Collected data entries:
#####
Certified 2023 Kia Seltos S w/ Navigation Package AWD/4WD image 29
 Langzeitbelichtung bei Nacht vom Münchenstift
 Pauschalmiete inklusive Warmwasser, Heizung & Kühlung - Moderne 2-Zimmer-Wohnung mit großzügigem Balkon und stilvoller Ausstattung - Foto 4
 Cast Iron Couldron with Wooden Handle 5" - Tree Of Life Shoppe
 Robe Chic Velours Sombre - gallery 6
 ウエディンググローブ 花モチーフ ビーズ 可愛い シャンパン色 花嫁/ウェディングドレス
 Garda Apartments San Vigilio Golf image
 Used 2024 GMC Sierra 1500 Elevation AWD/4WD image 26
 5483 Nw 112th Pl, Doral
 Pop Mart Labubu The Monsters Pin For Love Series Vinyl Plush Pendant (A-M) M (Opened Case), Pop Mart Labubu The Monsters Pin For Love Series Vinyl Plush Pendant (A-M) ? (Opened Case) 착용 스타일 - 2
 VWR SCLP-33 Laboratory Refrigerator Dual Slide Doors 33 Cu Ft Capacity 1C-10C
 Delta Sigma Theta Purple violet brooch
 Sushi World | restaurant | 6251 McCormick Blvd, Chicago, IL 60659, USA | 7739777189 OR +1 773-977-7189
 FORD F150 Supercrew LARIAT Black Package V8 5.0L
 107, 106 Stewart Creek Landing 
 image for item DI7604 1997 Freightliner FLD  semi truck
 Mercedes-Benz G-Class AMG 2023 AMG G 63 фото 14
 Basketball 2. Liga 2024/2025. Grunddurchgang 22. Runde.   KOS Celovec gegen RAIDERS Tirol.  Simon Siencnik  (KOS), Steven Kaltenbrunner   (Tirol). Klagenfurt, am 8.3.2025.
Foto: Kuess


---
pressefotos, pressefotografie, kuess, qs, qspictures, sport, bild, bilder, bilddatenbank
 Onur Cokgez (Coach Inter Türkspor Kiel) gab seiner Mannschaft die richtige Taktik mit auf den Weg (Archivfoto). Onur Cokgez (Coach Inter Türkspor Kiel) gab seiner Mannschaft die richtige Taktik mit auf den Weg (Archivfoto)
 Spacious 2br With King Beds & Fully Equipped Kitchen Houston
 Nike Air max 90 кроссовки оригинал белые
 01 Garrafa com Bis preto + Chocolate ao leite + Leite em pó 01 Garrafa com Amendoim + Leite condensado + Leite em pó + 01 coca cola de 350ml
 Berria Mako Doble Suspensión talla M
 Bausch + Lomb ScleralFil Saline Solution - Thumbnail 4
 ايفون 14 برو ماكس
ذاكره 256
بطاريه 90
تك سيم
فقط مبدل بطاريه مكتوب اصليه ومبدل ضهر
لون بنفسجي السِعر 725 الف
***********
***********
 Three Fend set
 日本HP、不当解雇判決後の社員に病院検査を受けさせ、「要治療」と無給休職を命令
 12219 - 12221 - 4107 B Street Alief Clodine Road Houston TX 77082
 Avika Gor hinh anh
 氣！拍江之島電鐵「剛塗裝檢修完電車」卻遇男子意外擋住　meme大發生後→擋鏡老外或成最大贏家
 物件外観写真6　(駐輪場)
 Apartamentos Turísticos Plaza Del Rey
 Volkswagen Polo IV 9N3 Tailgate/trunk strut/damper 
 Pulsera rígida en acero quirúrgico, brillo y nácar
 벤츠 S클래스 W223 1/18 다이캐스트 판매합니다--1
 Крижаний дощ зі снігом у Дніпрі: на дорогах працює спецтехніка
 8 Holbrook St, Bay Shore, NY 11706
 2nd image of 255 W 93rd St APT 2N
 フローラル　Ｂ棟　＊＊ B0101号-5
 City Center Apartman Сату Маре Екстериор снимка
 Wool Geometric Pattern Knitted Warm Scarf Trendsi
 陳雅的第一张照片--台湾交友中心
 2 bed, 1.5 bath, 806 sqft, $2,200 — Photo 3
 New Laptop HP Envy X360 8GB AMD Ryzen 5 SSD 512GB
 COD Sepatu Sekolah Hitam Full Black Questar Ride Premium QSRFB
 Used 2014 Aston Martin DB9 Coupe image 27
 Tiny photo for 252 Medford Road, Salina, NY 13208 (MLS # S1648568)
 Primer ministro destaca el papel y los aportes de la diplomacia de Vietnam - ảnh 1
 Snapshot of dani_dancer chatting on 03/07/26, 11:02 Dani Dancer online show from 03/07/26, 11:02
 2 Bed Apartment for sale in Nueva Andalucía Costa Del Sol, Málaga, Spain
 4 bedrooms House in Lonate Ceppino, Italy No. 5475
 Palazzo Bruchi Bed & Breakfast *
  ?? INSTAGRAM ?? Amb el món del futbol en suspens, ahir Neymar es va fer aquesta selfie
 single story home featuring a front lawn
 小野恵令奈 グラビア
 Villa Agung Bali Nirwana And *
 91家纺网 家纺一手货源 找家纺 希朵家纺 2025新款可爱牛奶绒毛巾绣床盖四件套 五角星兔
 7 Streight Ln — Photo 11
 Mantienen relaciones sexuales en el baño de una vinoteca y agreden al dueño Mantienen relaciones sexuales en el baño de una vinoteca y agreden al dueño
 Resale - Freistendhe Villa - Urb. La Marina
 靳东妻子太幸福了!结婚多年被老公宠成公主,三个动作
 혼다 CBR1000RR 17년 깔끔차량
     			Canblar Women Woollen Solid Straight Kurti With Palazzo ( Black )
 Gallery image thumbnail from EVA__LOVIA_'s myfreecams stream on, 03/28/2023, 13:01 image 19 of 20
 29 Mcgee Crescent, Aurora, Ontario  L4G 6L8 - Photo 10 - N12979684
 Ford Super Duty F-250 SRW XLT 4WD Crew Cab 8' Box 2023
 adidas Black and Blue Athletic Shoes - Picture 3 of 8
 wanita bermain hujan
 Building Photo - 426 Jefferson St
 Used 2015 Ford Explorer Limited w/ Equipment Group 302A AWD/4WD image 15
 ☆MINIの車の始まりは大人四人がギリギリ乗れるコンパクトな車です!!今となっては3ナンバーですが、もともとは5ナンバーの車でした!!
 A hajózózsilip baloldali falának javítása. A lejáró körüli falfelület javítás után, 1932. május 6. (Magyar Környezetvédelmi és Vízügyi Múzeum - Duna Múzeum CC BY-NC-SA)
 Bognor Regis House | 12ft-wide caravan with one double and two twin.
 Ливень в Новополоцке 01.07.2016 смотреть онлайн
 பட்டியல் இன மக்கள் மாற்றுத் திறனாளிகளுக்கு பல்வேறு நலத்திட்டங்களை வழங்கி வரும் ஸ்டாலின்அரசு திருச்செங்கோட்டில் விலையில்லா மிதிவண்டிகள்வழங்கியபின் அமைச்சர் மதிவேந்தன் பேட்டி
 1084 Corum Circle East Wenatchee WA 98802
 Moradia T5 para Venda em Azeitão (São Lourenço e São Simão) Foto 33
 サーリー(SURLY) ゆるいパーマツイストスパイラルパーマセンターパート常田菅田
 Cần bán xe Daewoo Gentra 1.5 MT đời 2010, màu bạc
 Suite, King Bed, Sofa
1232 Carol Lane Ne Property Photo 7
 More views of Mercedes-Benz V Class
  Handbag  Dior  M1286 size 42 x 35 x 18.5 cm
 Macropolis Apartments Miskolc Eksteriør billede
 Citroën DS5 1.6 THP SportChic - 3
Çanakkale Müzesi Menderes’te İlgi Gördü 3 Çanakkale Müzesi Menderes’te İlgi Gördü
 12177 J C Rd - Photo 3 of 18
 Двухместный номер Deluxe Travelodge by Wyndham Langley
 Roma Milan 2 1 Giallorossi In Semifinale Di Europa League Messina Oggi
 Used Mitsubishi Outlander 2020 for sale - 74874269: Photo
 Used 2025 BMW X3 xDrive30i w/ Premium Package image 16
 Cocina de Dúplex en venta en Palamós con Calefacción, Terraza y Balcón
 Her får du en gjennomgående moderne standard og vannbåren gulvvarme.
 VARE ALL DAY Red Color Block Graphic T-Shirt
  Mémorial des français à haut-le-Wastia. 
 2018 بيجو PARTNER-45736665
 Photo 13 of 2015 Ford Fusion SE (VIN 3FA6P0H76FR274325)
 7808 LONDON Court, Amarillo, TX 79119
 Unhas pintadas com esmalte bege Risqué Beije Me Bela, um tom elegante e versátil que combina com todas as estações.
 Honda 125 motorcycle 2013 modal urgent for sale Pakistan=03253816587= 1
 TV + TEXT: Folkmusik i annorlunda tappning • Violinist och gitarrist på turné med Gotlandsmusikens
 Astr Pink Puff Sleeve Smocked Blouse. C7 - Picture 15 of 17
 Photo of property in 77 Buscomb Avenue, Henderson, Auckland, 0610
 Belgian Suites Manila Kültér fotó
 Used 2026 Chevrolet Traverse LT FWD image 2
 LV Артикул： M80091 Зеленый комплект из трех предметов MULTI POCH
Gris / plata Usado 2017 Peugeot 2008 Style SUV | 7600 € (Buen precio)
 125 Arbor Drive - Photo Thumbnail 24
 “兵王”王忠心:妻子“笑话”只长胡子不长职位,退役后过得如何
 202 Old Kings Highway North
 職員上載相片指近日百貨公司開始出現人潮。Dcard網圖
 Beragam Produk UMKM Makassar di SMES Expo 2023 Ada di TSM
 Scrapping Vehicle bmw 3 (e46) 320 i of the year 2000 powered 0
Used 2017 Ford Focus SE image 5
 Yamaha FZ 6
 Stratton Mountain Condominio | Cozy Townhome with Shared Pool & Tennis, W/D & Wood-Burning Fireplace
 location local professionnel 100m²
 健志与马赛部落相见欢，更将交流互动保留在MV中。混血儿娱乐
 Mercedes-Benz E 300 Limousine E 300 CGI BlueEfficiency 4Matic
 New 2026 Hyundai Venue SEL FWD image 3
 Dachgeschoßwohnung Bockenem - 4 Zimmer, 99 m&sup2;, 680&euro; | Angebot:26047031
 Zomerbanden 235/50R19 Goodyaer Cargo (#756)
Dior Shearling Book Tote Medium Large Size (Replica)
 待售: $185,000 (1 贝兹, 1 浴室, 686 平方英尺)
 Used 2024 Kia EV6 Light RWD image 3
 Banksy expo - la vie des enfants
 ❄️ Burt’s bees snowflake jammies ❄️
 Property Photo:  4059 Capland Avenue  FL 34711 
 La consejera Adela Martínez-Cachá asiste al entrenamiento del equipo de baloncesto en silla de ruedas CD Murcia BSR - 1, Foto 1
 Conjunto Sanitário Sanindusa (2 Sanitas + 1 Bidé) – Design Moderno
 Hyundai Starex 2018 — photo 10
#####
▸ **What you should do**
Could you write out exactly the lines above, starting at the first one and ending with the line that has "Basketball 2. Liga"?

▸ **Output below**
Certified 2023 Kia Seltos S w/ Navigation Package AWD/4WD image 29
 Langzeitbelichtung bei Nacht vom Münchenstift
 Pauschalmiete inklusive Warmwasser, Heizung & Kühlung - Moderne 2-Zimmer-Wohnung mit großzügigem Balkon und stilvoller Ausstattung - Foto 4
 Cast Iron Couldron with Wooden Handle 5" - Tree Of Life Shoppe
 Robe Chic Velours Sombre - gallery 6
 ウエディンググローブ 花モチーフ ビーズ 可愛い シャンパン色 花嫁/ウェディングドレス
 Garda Apartments San Vigilio Golf image
 Used 2024 GMC Sierra 1500 Elevation AWD/4WD image 26
 5483 Nw 112th Pl, Doral
 Pop Mart Labubu The Monsters Pin For Love Series Vinyl Plush Pendant (A-M) M (Opened Case), Pop Mart Labubu The Monsters Pin For Love Series Vinyl Plush Pendant (A-M) ? (Opened Case) 착용 스타일 - 2
 VWR SCLP-33 Laboratory Refrigerator Dual Slide Doors 33 Cu Ft Capacity 1C-10C
 Delta Sigma Theta Purple violet brooch
 Sushi World | restaurant | 6251 McCormick Blvd, Chicago, IL 60659, USA | 7739777189 OR +1 773-977-7189
 FORD F150 Supercrew LARIAT Black Package V8 5.0L
 107, 106 Stewart Creek Landing 
 image for item DI7604 1997 Freightliner FLD  semi truck
 Mercedes-Benz G-Class AMG 2023 AMG G 63 фото 14
 Basketball 2. Liga 2024/2025. Grunddurchgang 22. Runde.   KOS Celovec gegen RAIDERS Tirol.  Simon Siencnik  (KOS), Steven Kaltenbrunner   (Tirol). Klagenfurt, am 8.3.2025.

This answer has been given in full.